Obvurt – Triumph Beyond Adversity
Release Date: 2nd December 2022
Label: Unique Leader Records
Bandcamp
Genre: Brutal Technical Death Metal
FFO: Hate Eternal, Immolation, Morbid Angel, Defeated Sanity.
Review By: Rick Farley
Obvurt, an amalgamation of the words obvert (to oppose) and hurt (to wound), was created in 2020 as a side solo project by Philippe Drouin. In 2016, he was involved in a car accident that left him with little use of his picking hand. Unable to play guitar due to his severe injury. Rather than quitting, he carried on, and reminded us of strong human perseverance and unbreakable spirit by completely relearning how to play left-handed.
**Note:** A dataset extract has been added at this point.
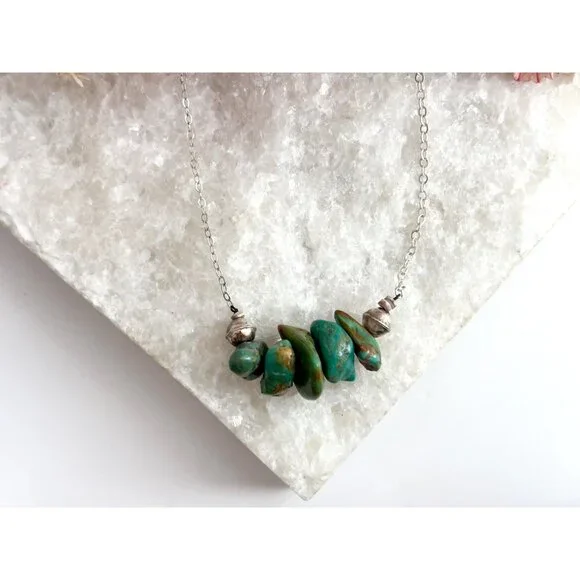 Freeform Turquoise Gemstone Sterling Silver 925 Vintage Pendant Necklace - 16" - Picture 15 of 15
It was a three-year undertaking, estimated at seven thousand hours of practice under the tutelage of famously ambidextrous shredder, guitar tutor Michael Angelo Batio. Now 2022 bring us the band’s debut LP Triumph Beyond Adversity being unleashed on Unique Leader Records. After the well-received EP, The Beginning, which was a concept EP based on Drouin’s accident and inspirational recovery story, this will be the Quebec based death metal trio’s first full length record with Drouin as a leftie.
On paper, Triumph Beyond Adversity is labelled as technical death metal. A label that I believe unfairly pigeonholes the band as one dimensional. The album is jam packed with mind-numbing technical brutality. Gnarly gutturals from hell, twisting riffs, frantic pacing, virtuosic solos, and insane mind-blowing drums. Mammoth sounding bass leads, unusual chord progressions and phrasing, all within the confines of incredible musicianship. However, it’s the songs themselves that sets Obvurt apart. Each one individually, are well written, all with memorable grooves locked in, creative progressive elements, and tons of melody scattered throughout the extremely ruthless atmosphere. Aggressive technical death metal that shows a little heart right before it rips yours out.
I do have a few gripes I need to address, though. The first being, the instrumental opening track with spoken words, does not fit with the rest of the album and would have been better off without it. It seems very out of place and unnecessary. Secondly, minus the instrumental, the album is only thirty-two minutes and feels noticeably short. Lastly, while the vocals do fit the music, by the second half of the record they get a bit monotonous. That’s not to say I don’t think they’re good, because I do, however everything else is so top-notch, I wish the gutturals had a little bit more personality.
That being said, savage songs like One Last Thing with it’s churning basslines, twisted sharp riffs and lead guitar melodies just pummel the living daylights out of you, making sure you’ll remember its skilful brutality. Some Death guitar vibes in certain parts mixed with hints of Gojira type melodies adds some uniqueness to the vicious song. Heavy as fuck, Versus is a straight stank faced riff that shifts into swirling guitars and blasting drums, while Second Chance is a huge dose of brutal death metal just set to kill. Destroying double bass and Immolation inspired riffs punish without mercy. Halfway from Theory is a powerful maelstrom of shifting riffs and drum tempos that showcases the bands technicality within the strength of the song writing.
Triumph Beyond Adversity is a record that will benefit from repeated listens as it’s fairly layered in the sense that it seems to reveal more of itself each time. Sonically it sounds incredible, it’s thick without being clouded. It’s crisp and absolutely sounds crushing. Worth checking out.